**TASK GOAL:** Only the lines from the one containing "Raqamlar bo'yicha rasm" to the end of the records belong in the copy. Reproduce them word for word and drop the pictures.

**EXERCISE DATA:**
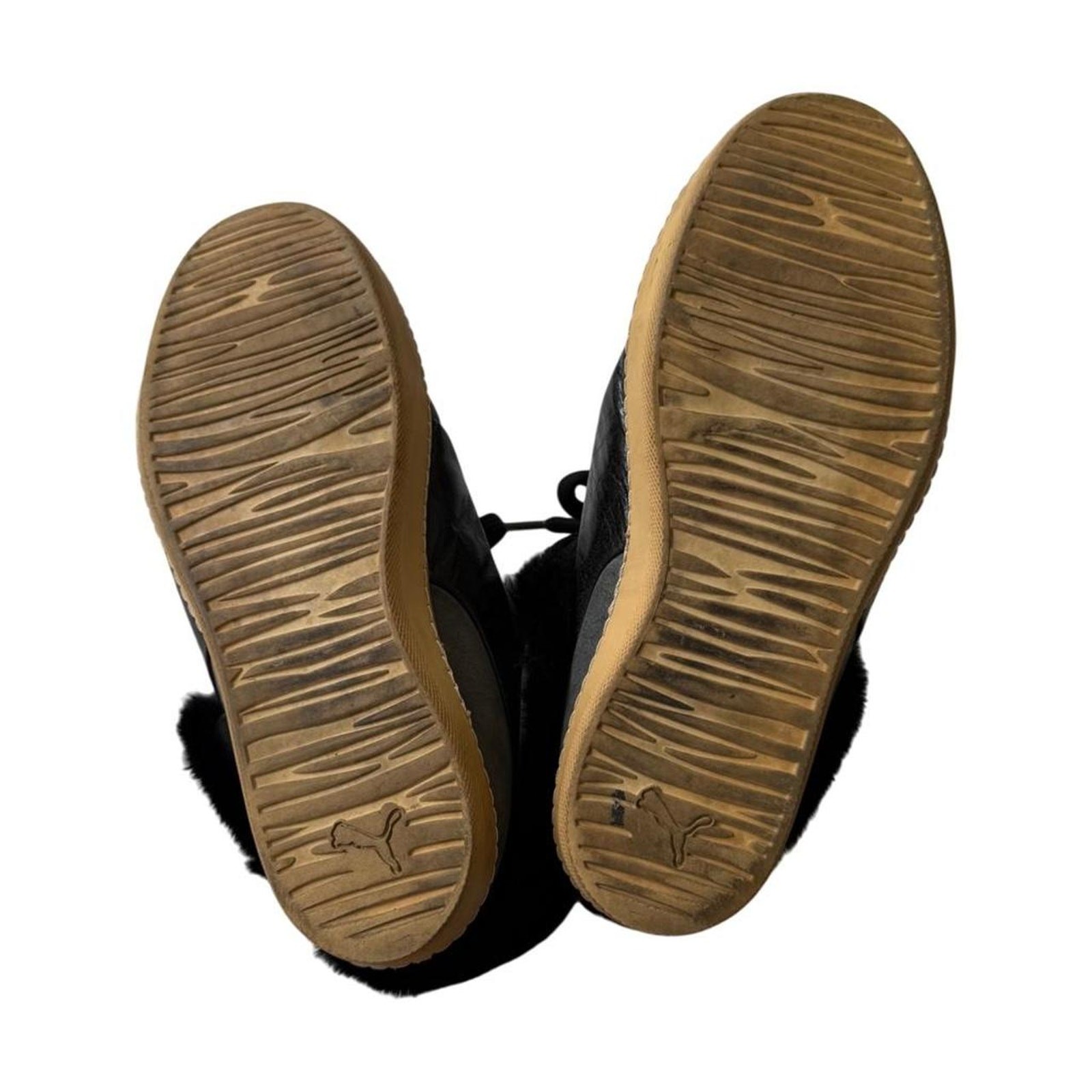 Alexander McQueen & Puma Rabbit Fur Black Leather Sneakers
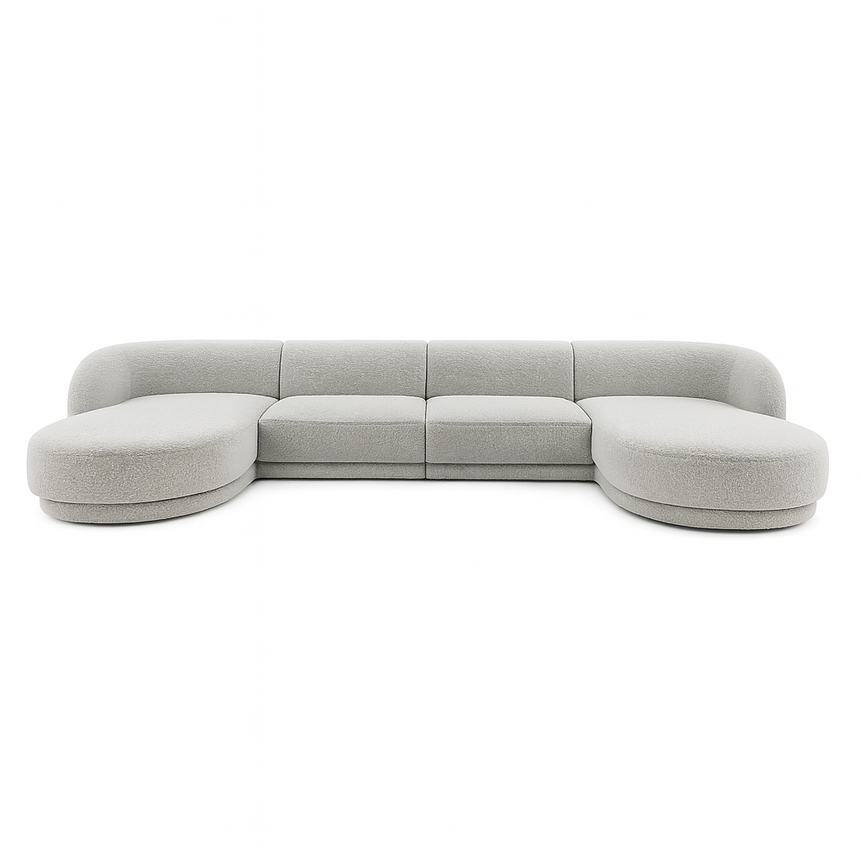 Miley 5-Sitzer Panorama-Sofa mit Bezug aus Samt oder Boucle, 330x156 cm - ZEN ZONE Furniture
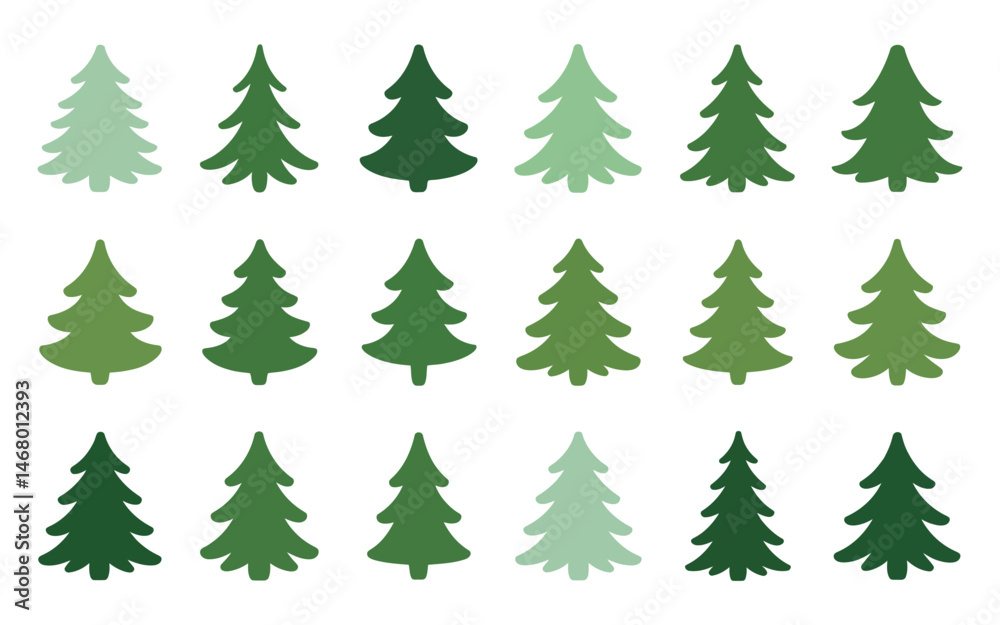 Obraz premium Eighteen Simple Green Christmas Trees in Varying Shades for Winter Holiday Designs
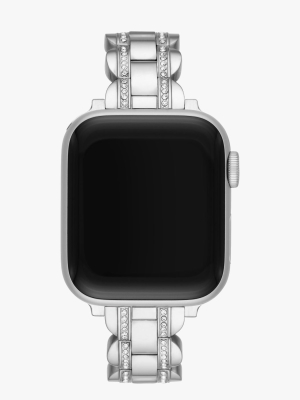 Silver Pavé Scallop Link Band For For Apple Watch®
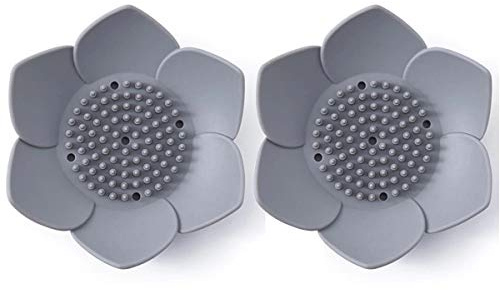Okami Products japansk blomma silikon tvålskål – förpackning med 2 tvålhållare (grå)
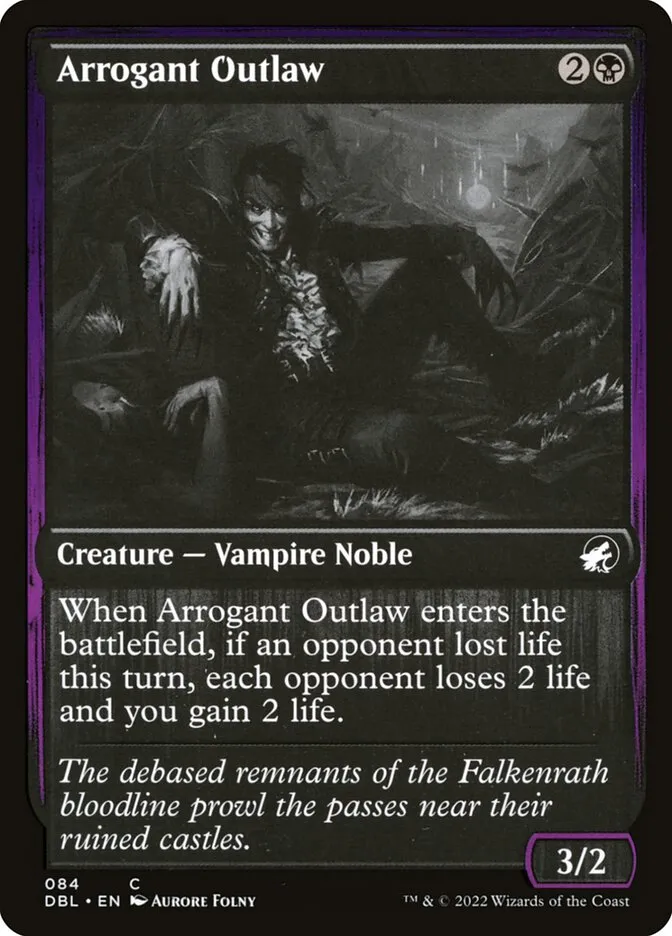 2022 Innistrad: Double Feature Arrogant Outlaw common #84 common card image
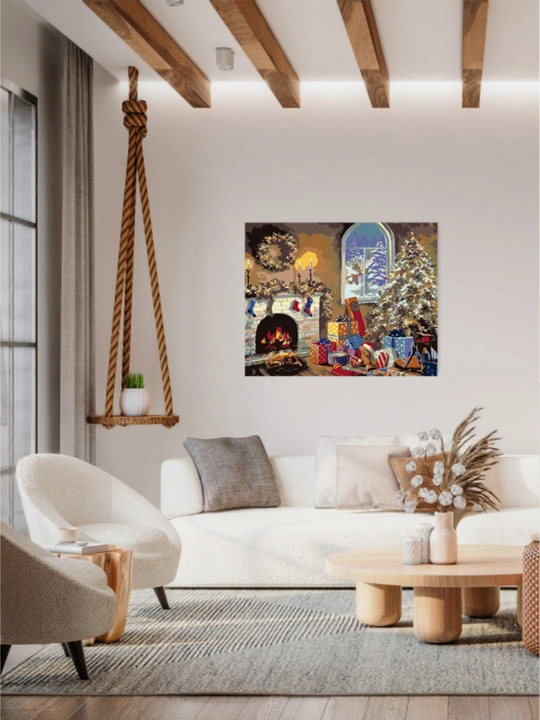 Raqamlar bo'yicha rasm chizish ARTERY, Qish, Yangi Yil, holstda chizmachilik, 40 * 50 sm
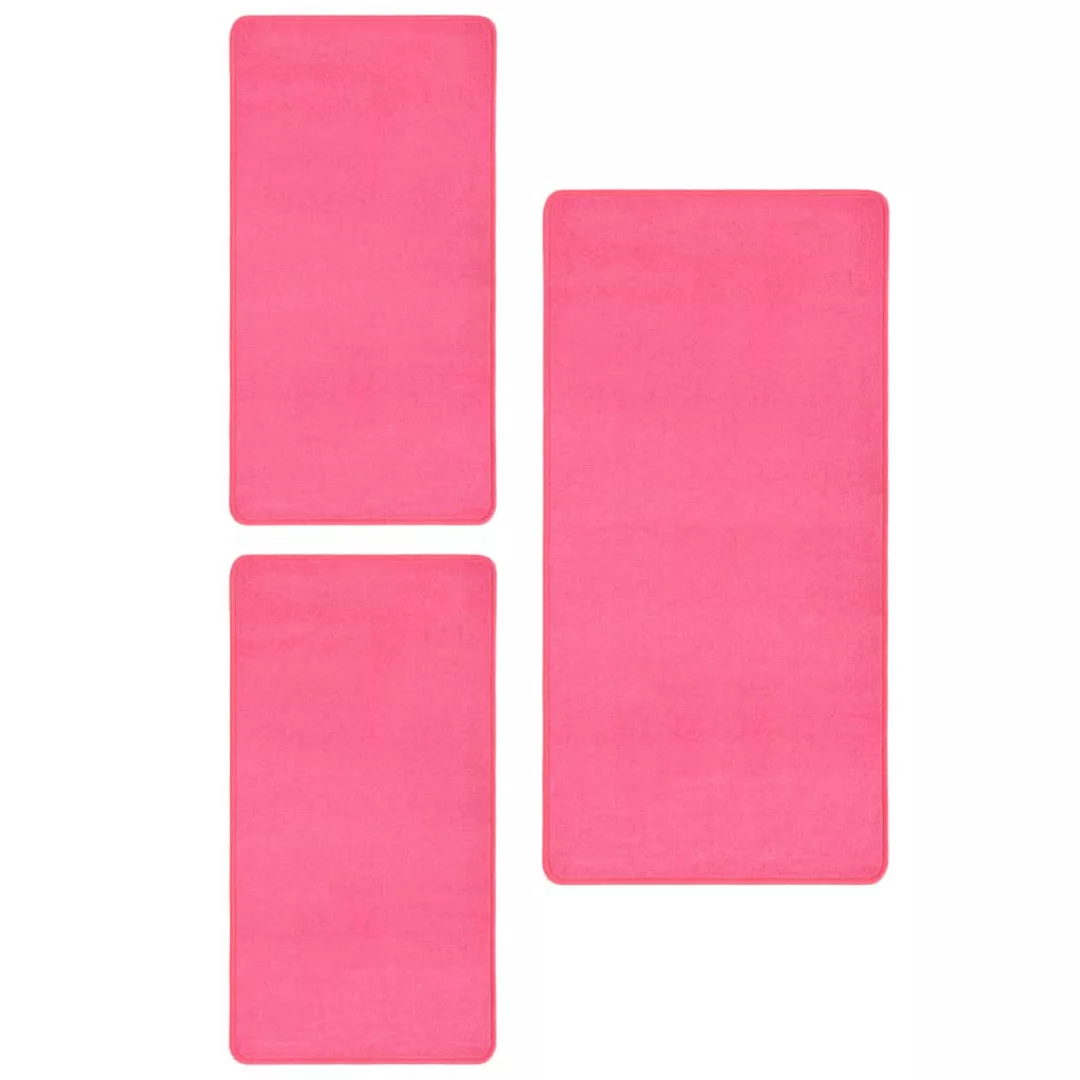 Hochflor-bettvorleger 3 Stk. Rosa günstig online kaufen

**ANSWER FOR THE TASK:**
 Raqamlar bo'yicha rasm chizish ARTERY, Qish, Yangi Yil, holstda chizmachilik, 40 * 50 sm
 Hochflor-bettvorleger 3 Stk. Rosa günstig online kaufen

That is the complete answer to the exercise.